Mekanisme ini sebenarnya bertentangan bahkan pelanggaran terhadap aturan, akan tetapi Bawaslu bersama KPU dapat memaklumi ini karena berada di posisi tidak normal, sehingga perlu ada pembatasan terhadap pemasangan gambar tertentu.
“Kami pernah bertemu warga yang sudah Coklit, sebagian stiker ditempel dalam rumah, ada juga hanya disimpan, mereka menghindari persoalan di negara orang,” bebernya.

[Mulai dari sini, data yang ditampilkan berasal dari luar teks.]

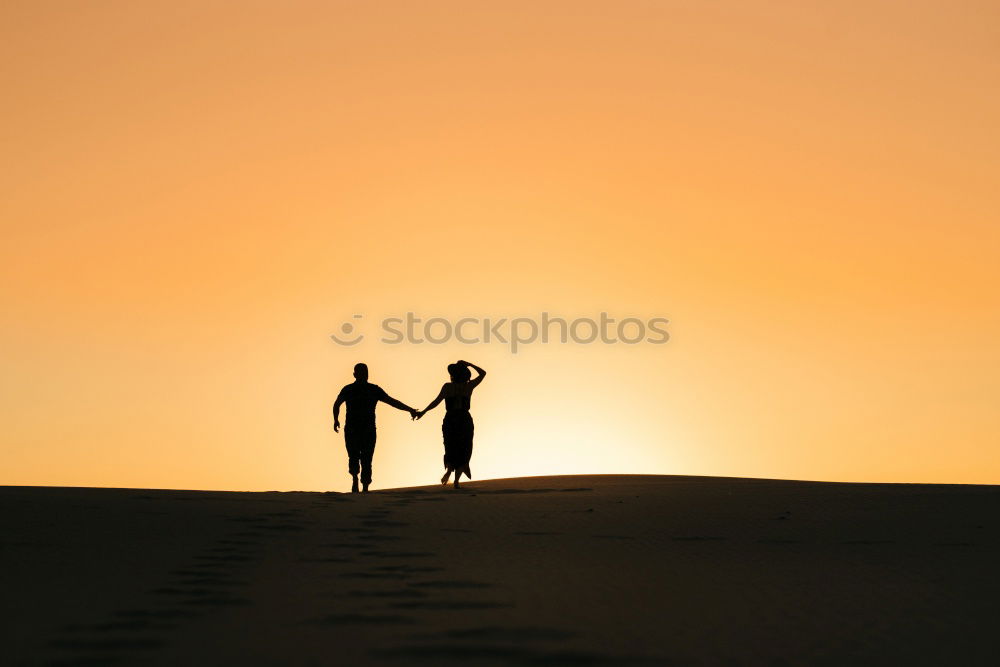 Similar – Mother and son holding hands on a beach at sunset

Pendataan pemilih bagi warga bermukim di luar teritorial wilayah Indonesia, tidak mungkin harus sesuai aturan, jangan sampai hal bersifat teknis prosedural dan administratif mengalahkan hak substansi warga Indonesia dalam mendapatkan hak politiknya.
Kebijakan dalam penerapan aturan Coklit perlu dilakukan dalam rangka menyelamatkan hak politik seseorang, sebab jika keberadaan orang-orang tersebut tidak di data, maka dapat berpotensi masalah ketika warga itu menuntut hak politiknya.

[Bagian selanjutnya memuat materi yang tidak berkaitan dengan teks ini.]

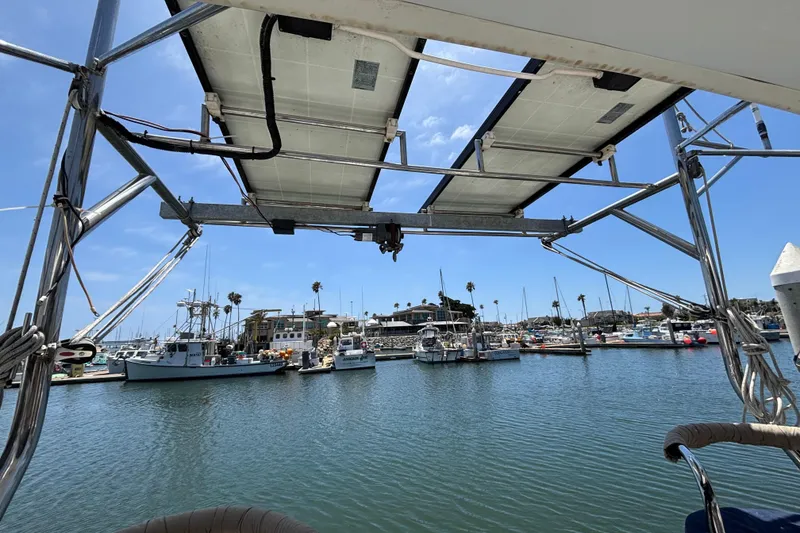 View from a 1999 Hunter 410 sailboat overlooking a marina with docked boats.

“Bahaya kalau tidak di data, kita takutnya nanti mereka datang waktu hari pencoblosan Pilkada meminta hak politiknya. Mereka berhak memilih karena memiliki KTP dan Kartu Keluarga,” jelasnya.
Yusran meminta petugas Pantarlih sebisa mungkin mendata semua penduduk Indonesia yang berhak mendapatkan hak memilih, soal nantinya datang atau tidak menyalurkan hak memilihnya di hari pencoblosan urusan warga itu sendiri.
Jika tahapan Coklit telah terlaksana dengan baik, tinggal tugas KPU dan Bawaslu untuk mensosialisasikan dan mendorong partisipasi masyarakat menggunakan hak politiknya pelaksanaan Pilkada serentak 2024.